Using the data below, reproduce exactly the lines from the line with "Abstract geometric design" to the line with "Gold scarab beetle icon, outline style", both included; pictures must be dropped.

···

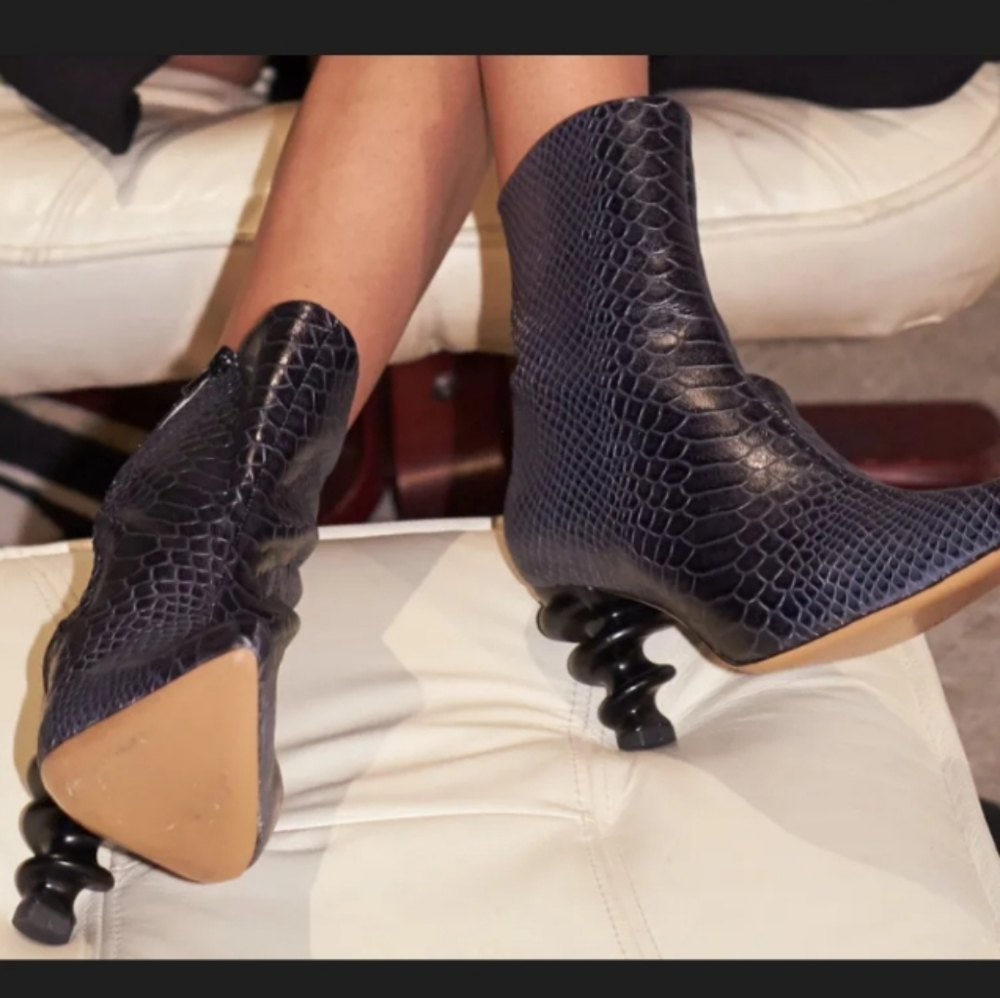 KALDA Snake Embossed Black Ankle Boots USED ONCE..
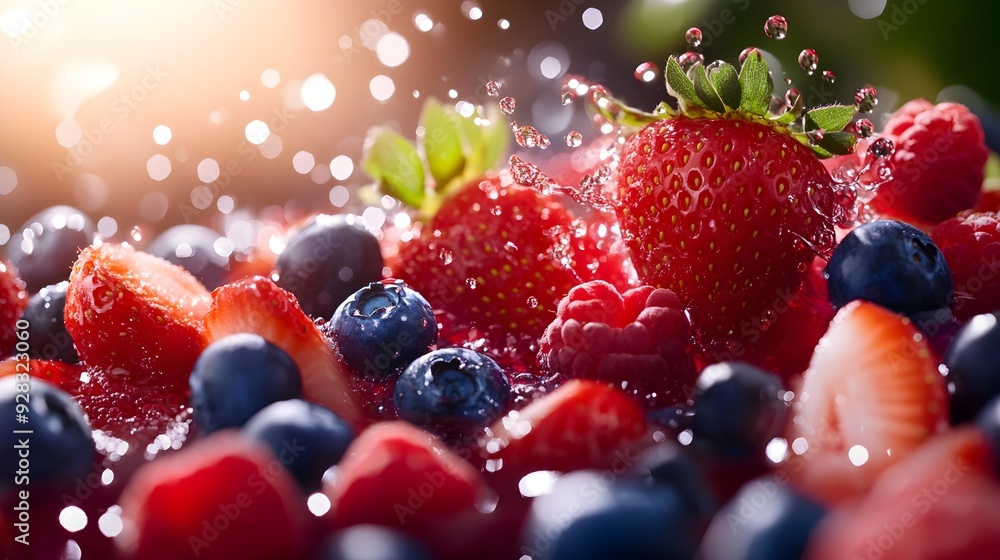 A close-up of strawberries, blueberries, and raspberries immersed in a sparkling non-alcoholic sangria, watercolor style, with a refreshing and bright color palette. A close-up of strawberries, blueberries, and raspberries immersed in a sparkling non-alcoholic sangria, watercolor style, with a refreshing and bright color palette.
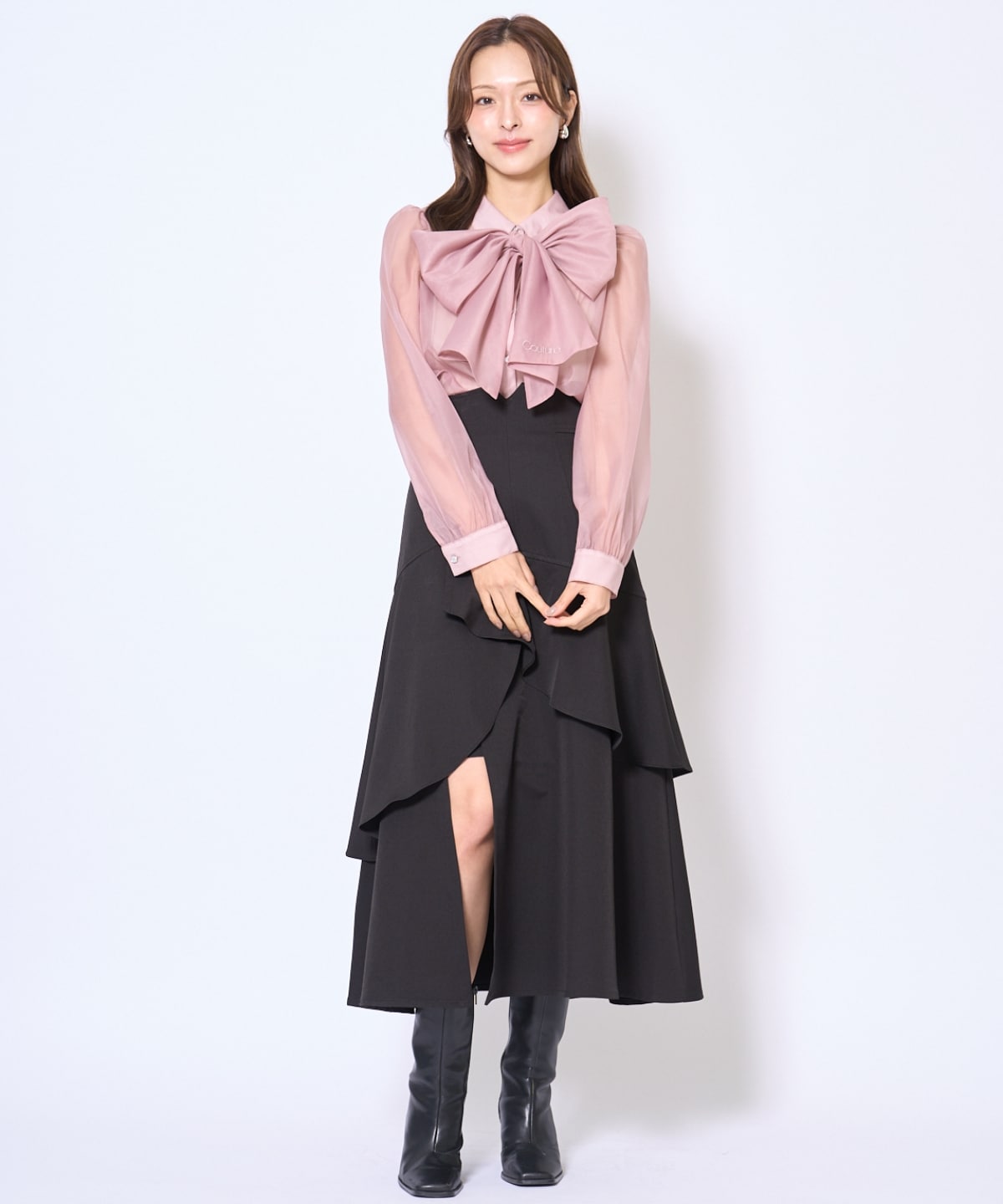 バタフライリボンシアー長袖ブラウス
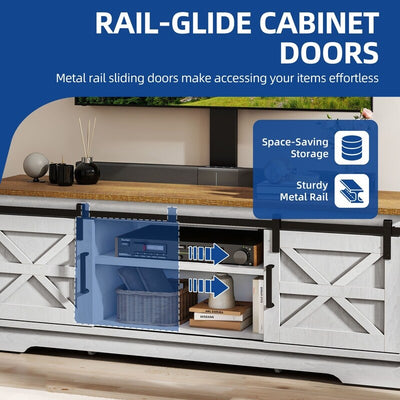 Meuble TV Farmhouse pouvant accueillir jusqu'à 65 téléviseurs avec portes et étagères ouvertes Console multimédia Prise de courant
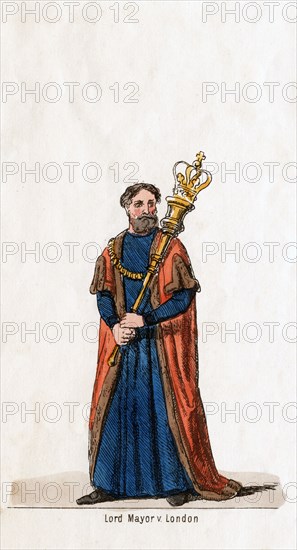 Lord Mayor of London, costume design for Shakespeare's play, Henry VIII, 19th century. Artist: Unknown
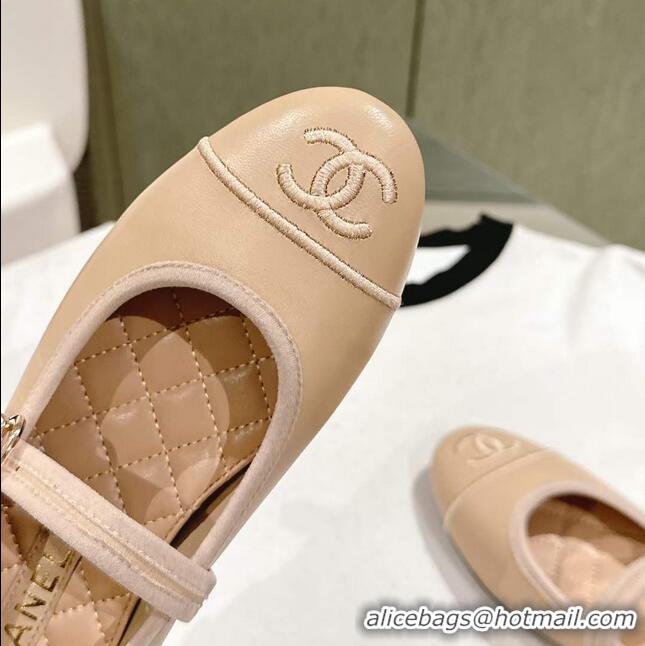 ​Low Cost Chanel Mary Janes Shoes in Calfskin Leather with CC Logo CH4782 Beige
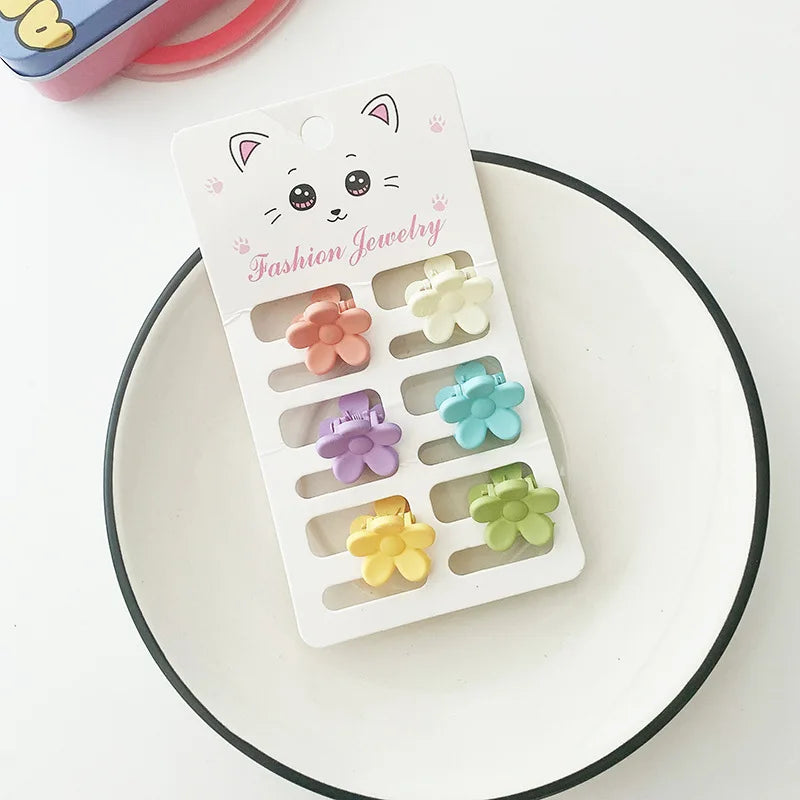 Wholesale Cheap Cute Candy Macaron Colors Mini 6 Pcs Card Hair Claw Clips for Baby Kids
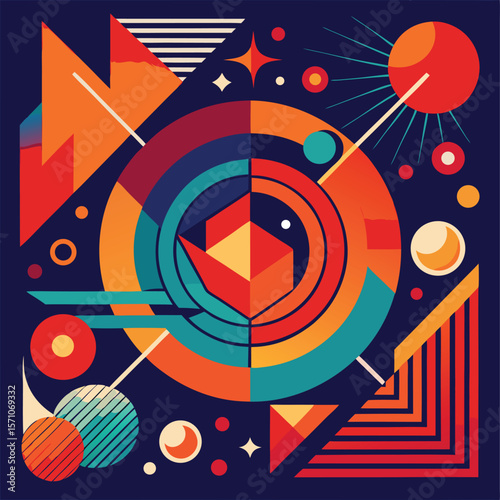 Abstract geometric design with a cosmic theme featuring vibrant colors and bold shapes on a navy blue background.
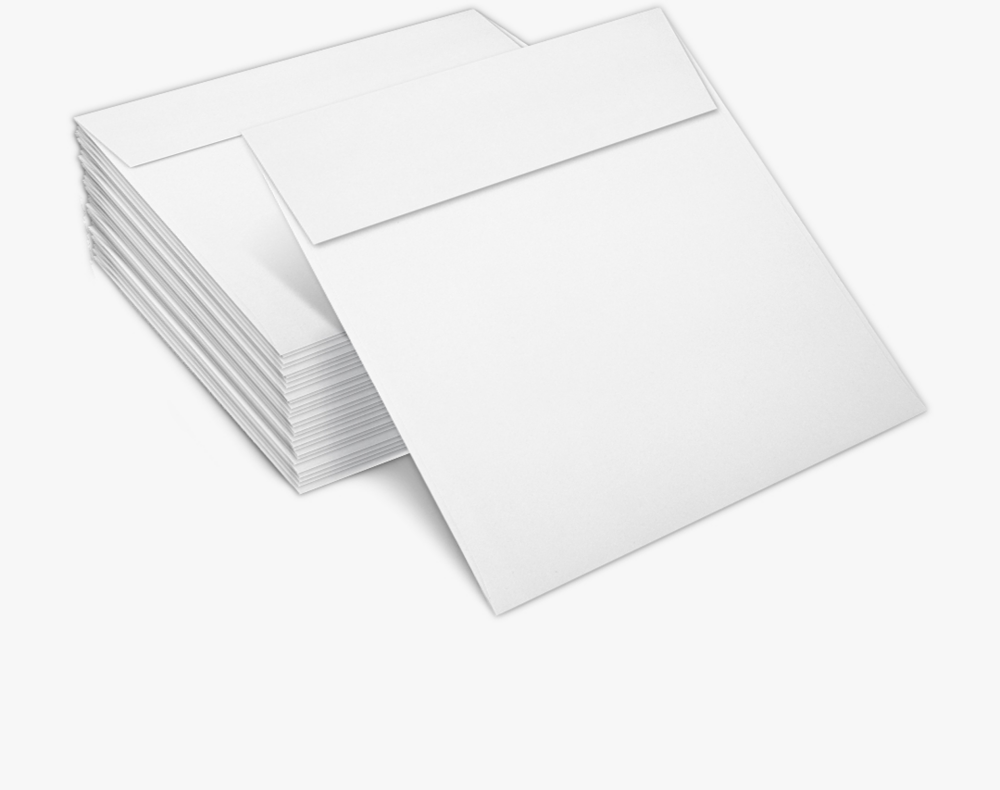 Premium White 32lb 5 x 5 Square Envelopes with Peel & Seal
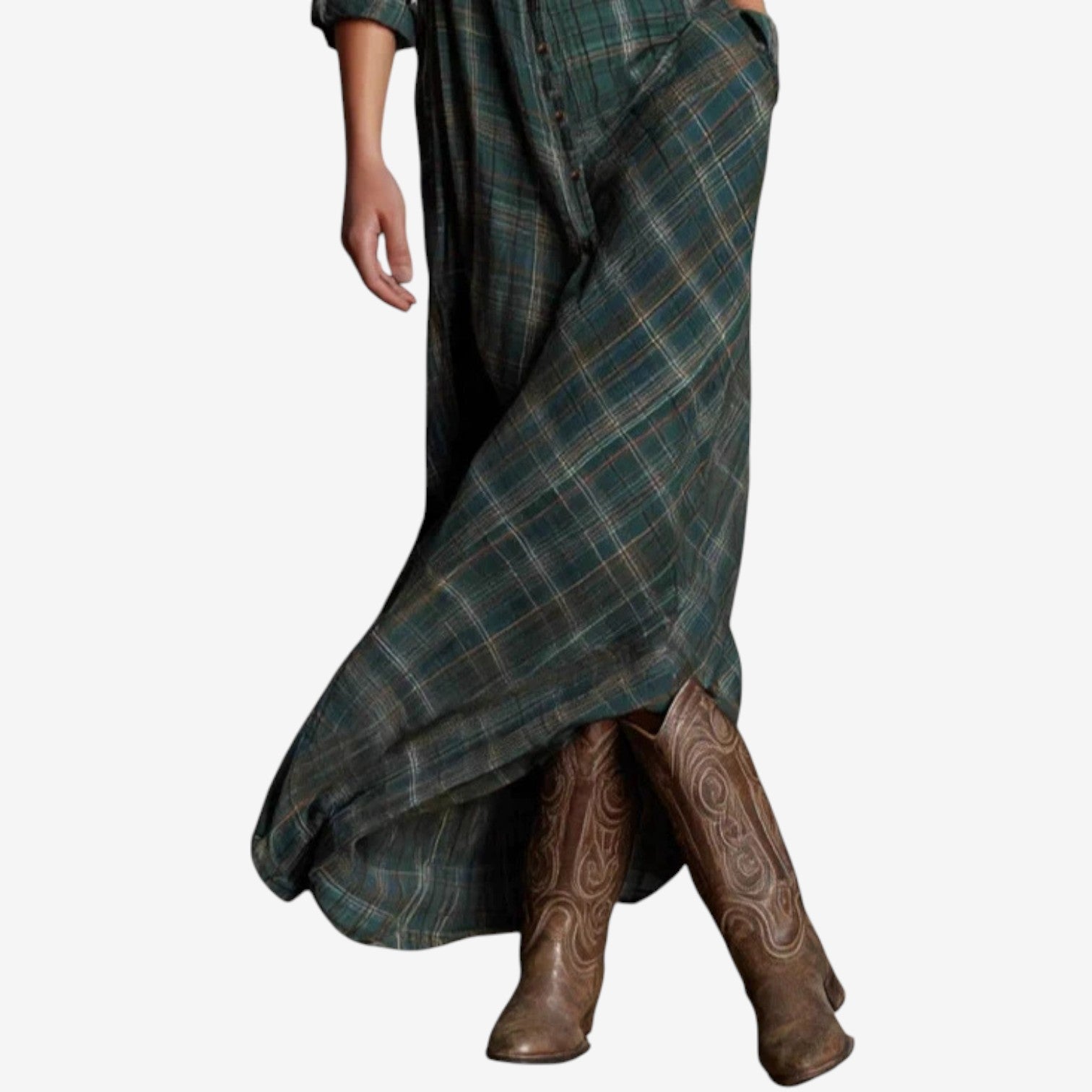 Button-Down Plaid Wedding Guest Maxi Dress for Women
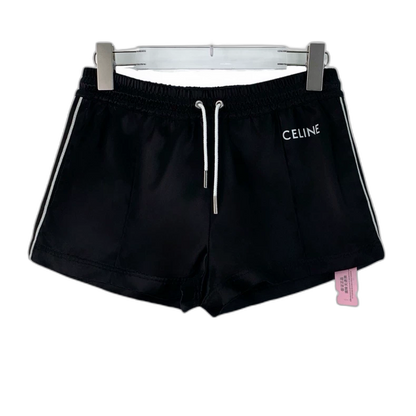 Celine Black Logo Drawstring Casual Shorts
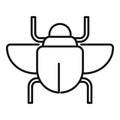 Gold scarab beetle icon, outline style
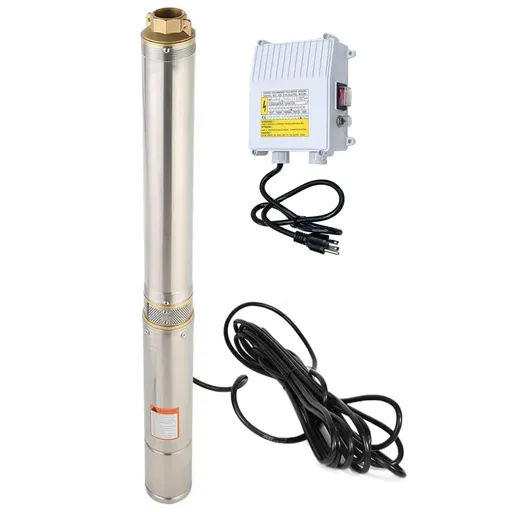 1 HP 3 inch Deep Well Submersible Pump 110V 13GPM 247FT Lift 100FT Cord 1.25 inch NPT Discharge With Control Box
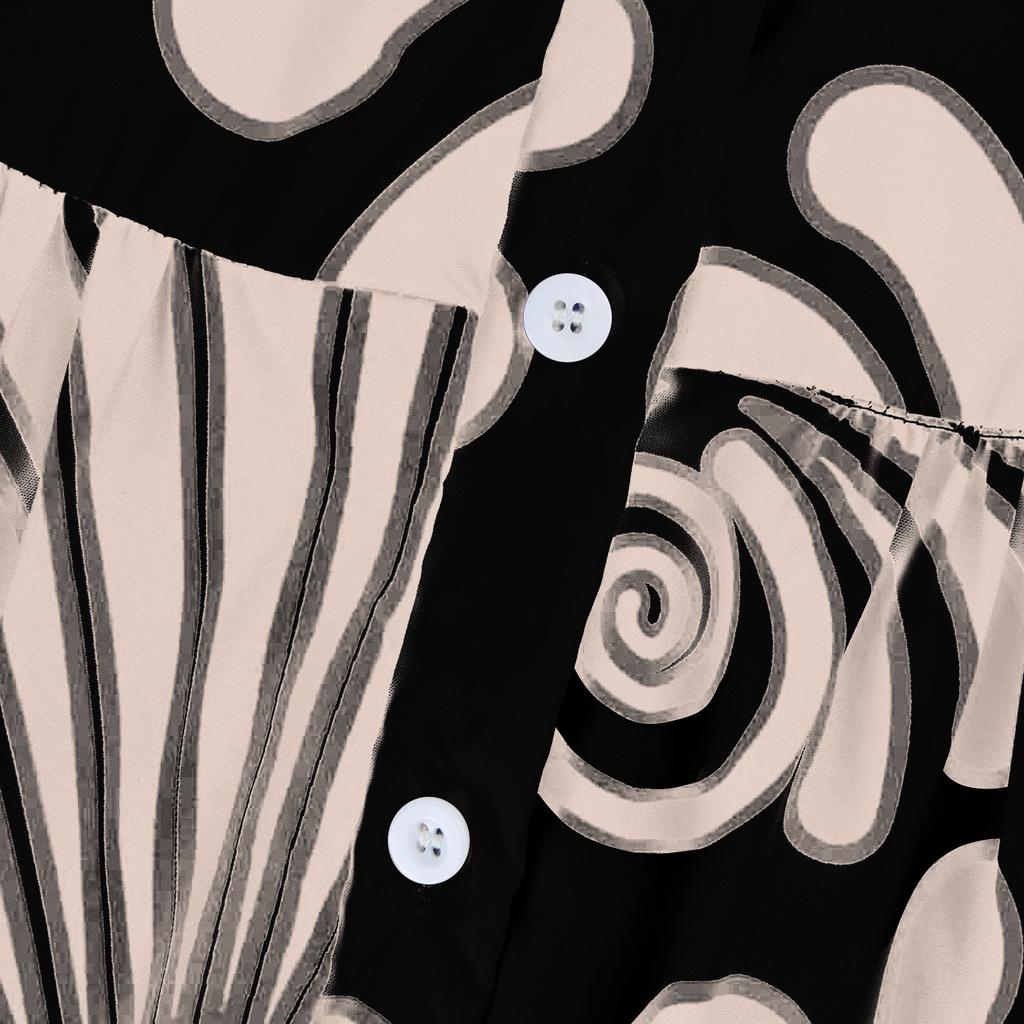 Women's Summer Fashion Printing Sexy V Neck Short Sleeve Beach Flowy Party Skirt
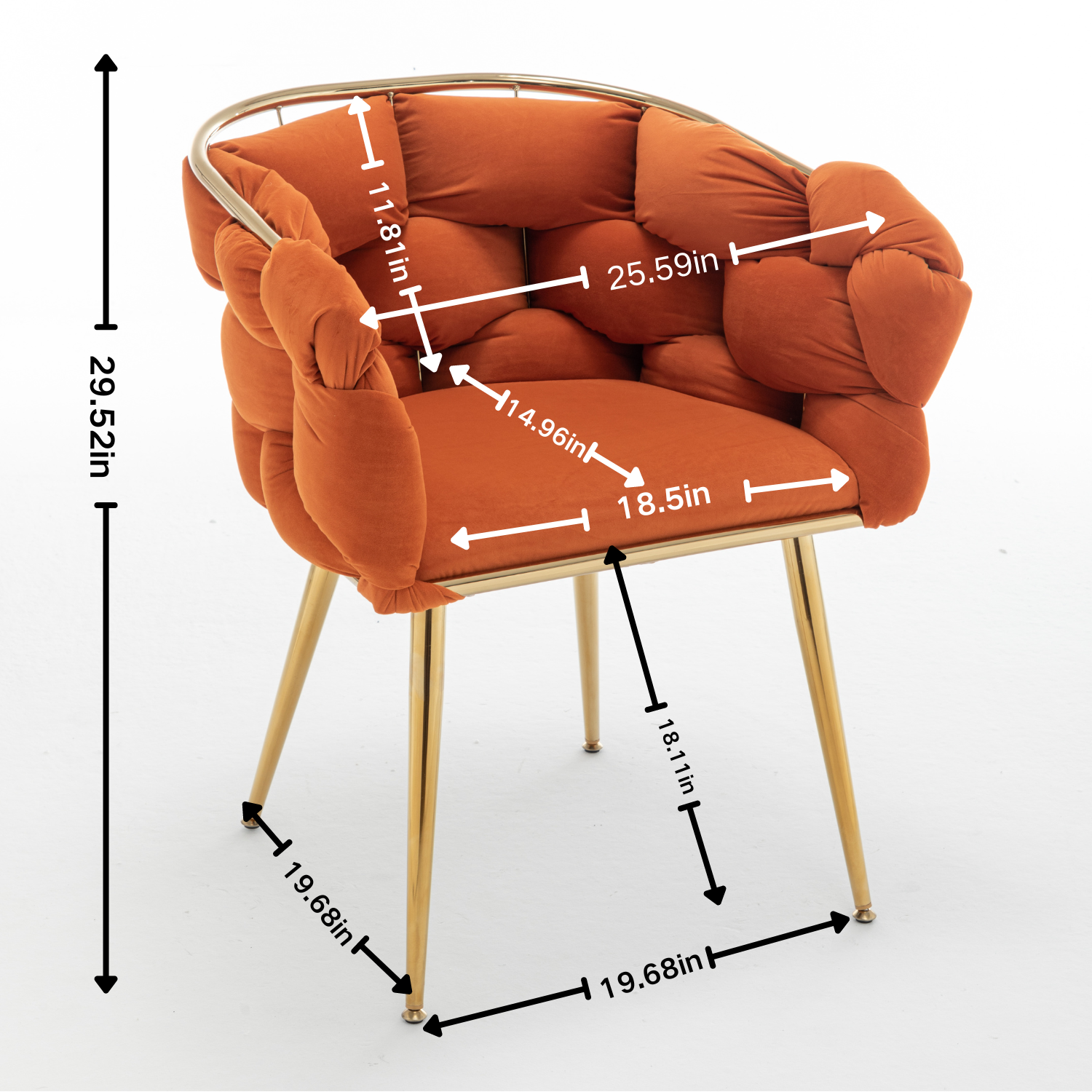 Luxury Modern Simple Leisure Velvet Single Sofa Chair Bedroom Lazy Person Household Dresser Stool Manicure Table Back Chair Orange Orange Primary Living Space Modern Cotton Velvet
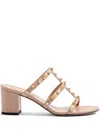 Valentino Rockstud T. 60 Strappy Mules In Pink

···

TASK RESULT:
 Abstract geometric design with a cosmic theme featuring vibrant colors and bold shapes on a navy blue background.
 Premium White 32lb 5 x 5 Square Envelopes with Peel & Seal
 Button-Down Plaid Wedding Guest Maxi Dress for Women
 Celine Black Logo Drawstring Casual Shorts
 Gold scarab beetle icon, outline style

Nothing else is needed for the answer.